# INSTRUCTIONS FOR THE TASK
Lines from the one with "4 Boyutları araç" up to and including the one with "45 Gallon Wheeled" are to be copied exactly from the records below, without their pictures.

# DATASET ENTRIES
○ ○ ○ ○ ○ ○ ○

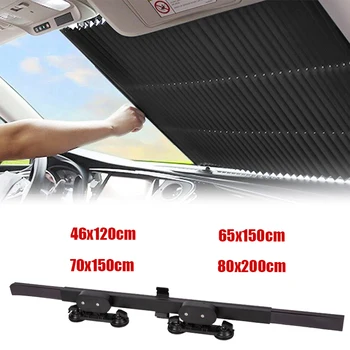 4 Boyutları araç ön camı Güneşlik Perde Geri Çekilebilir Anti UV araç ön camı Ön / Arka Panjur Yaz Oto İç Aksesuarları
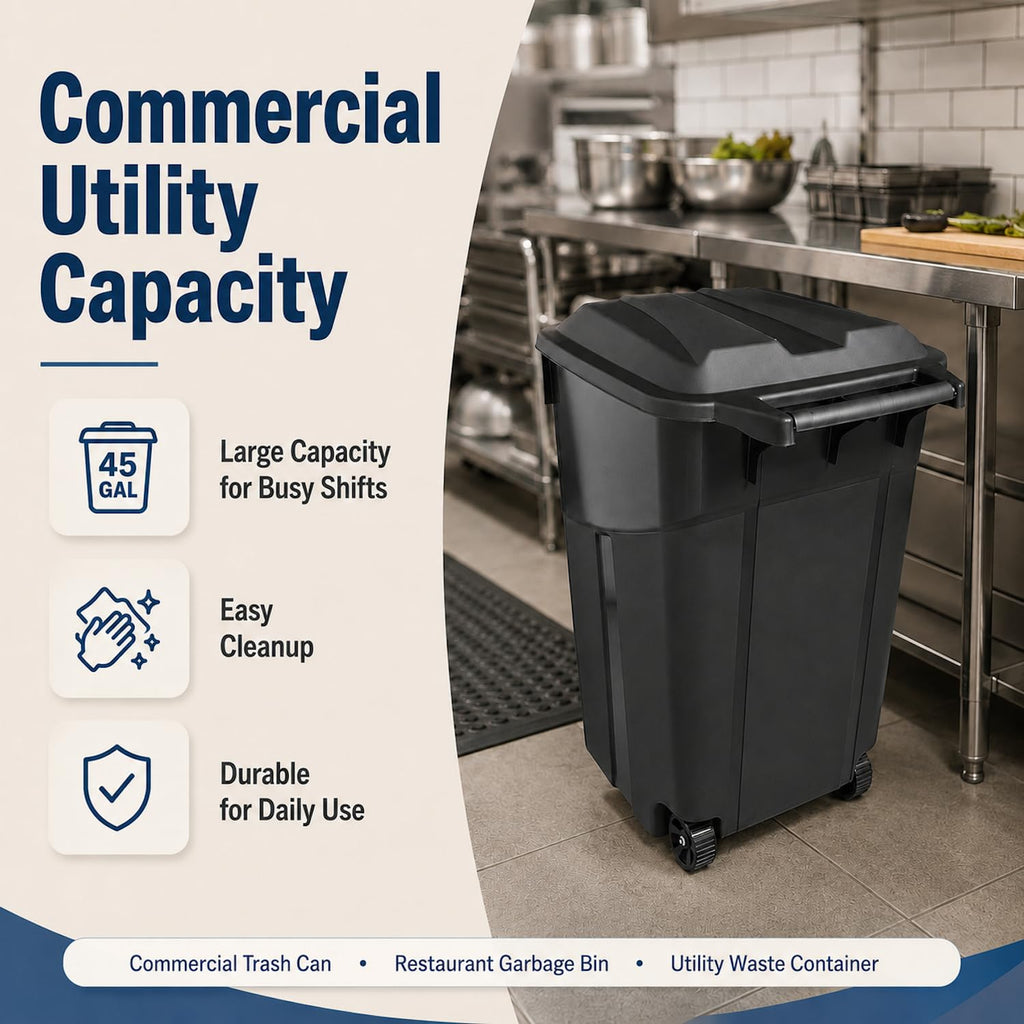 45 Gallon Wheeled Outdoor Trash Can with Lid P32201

○ ○ ○ ○ ○ ○ ○

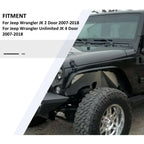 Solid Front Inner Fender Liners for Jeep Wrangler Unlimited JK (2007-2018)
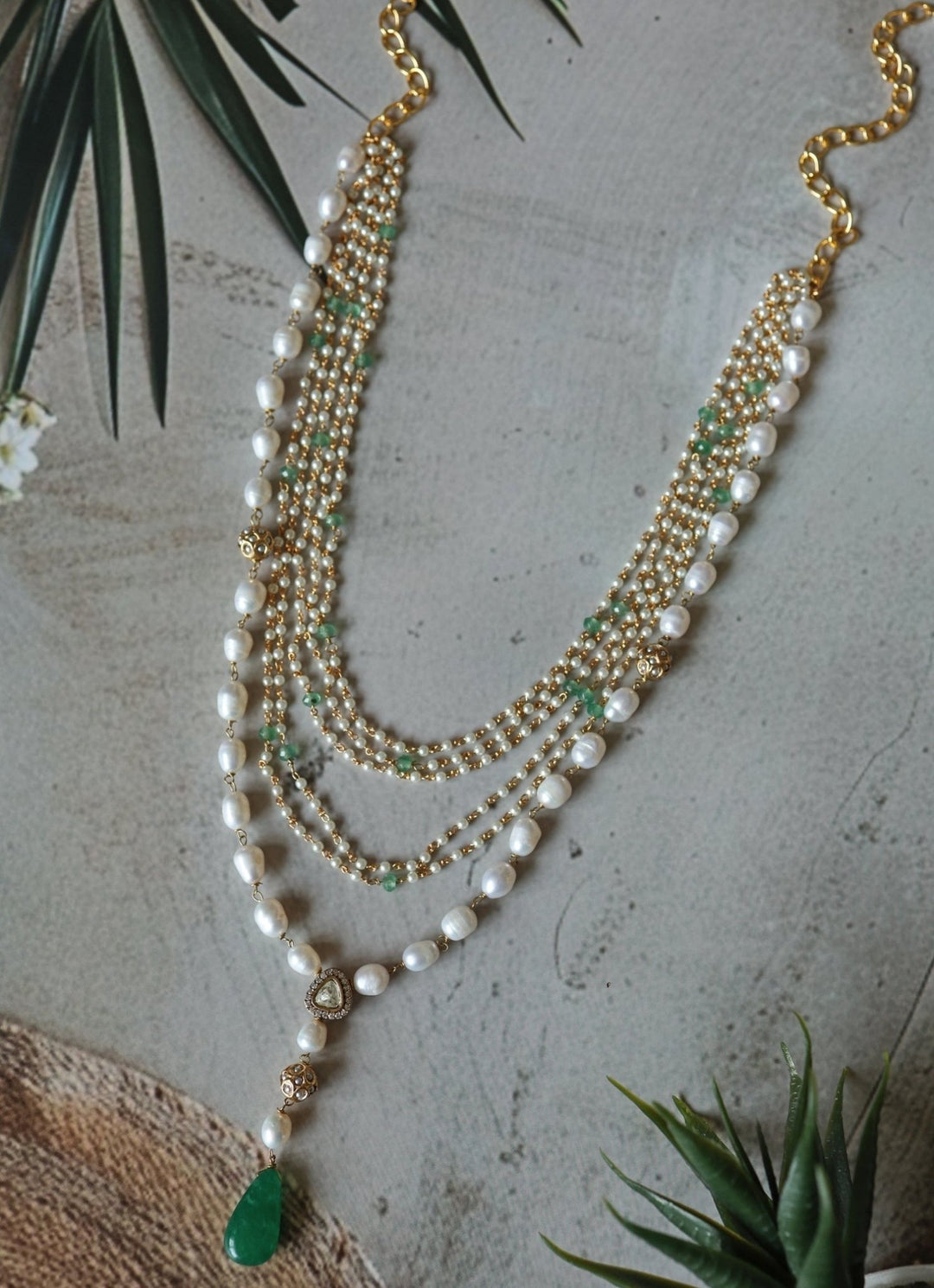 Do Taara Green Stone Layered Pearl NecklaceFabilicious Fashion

○ ○ ○ ○ ○ ○ ○

# SOLUTION TO THIS EXERCISE
 4 Boyutları araç ön camı Güneşlik Perde Geri Çekilebilir Anti UV araç ön camı Ön / Arka Panjur Yaz Oto İç Aksesuarları
 45 Gallon Wheeled Outdoor Trash Can with Lid P32201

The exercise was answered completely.